2)  Once the CUP was in power, Armenians tried to get these grievances dealt with through consultation and parliament but they got nowhere.

3)  A small percentage of Armenians were involved in revolutionary activity and supported the invading Russians, but when you consider their treatment over the preceding 20 or 30 years, they didn't really seem to have another option to guarantee security and basic rights.  One essayist points out that the CUP very early on developed a fear of minorities and in a way, through their treatment of these groups, ended up creating the very internal revolutionary groups they had originally feared.

4)  This whole time period needs to be seen against the backdrop of other wars and population displacements that had been going on since the mid-1800s.  Turkey received several waves of Muslim refugees through that period - from the Caucasus due to Russian ethnic cleansing policy, from the Balkans and Greece due to the wars of independence that pushed out Muslim inhabitants.  They had many refugees that needed to be settled.  These refugees also carried anti-Christian feelings due to their own treatment in their original homelands.  Interesting to note that all the leading CUP figures, and Ataturk as well, were all from the areas in the Balkans that produced large groups of Muslim refugees.  It was these refugees who created the myth of the Anatolian homeland of the Turks and then set about shaping the facts on the ground to match the myth, the daydream.

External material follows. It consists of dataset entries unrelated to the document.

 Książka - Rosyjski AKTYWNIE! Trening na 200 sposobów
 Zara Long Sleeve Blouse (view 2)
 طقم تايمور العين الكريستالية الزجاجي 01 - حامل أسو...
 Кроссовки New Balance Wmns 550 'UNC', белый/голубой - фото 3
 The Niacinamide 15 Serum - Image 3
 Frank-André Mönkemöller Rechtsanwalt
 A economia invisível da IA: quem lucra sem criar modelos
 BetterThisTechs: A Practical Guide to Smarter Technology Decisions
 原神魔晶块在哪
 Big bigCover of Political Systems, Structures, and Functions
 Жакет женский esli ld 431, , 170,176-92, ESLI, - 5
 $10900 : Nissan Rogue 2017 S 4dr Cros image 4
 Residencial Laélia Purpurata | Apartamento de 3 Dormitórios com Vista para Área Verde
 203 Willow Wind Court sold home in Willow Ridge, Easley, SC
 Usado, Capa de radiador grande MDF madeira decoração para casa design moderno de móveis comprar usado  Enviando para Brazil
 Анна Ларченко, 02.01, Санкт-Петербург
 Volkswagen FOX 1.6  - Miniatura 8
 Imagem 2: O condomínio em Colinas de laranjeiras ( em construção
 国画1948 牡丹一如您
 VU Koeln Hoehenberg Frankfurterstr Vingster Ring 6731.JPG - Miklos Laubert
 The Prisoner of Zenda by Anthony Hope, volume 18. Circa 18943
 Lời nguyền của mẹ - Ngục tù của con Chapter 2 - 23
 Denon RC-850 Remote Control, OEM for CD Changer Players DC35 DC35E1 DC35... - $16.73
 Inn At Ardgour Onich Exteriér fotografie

5)  There is no doubt that this genocide (an the other ethnic cleansing affecting different groups) was planned and ordered centrally.  The details were often worked out locally, but it was a central government policy.  It was a policy that developed over time and became progressively more harsh in response to different events and developments, but it was centralized.  It was a part of what was seem as a social engineering project to increase the percentage of Turks in Eastern Anatolia.

6)  In the 1914-1915 period the Kurds were a major instrument in carrying out this policy.  They were used to form the Hamidiye brigades first created under Abdulhamid more or less for this purpose.

7)  Policy plans developed in Ankara in 1925 to "deal with" the Kurds strongly resembled the policy pursued towards the Armenians - expulsion, relocation, cultural and linguistic repression.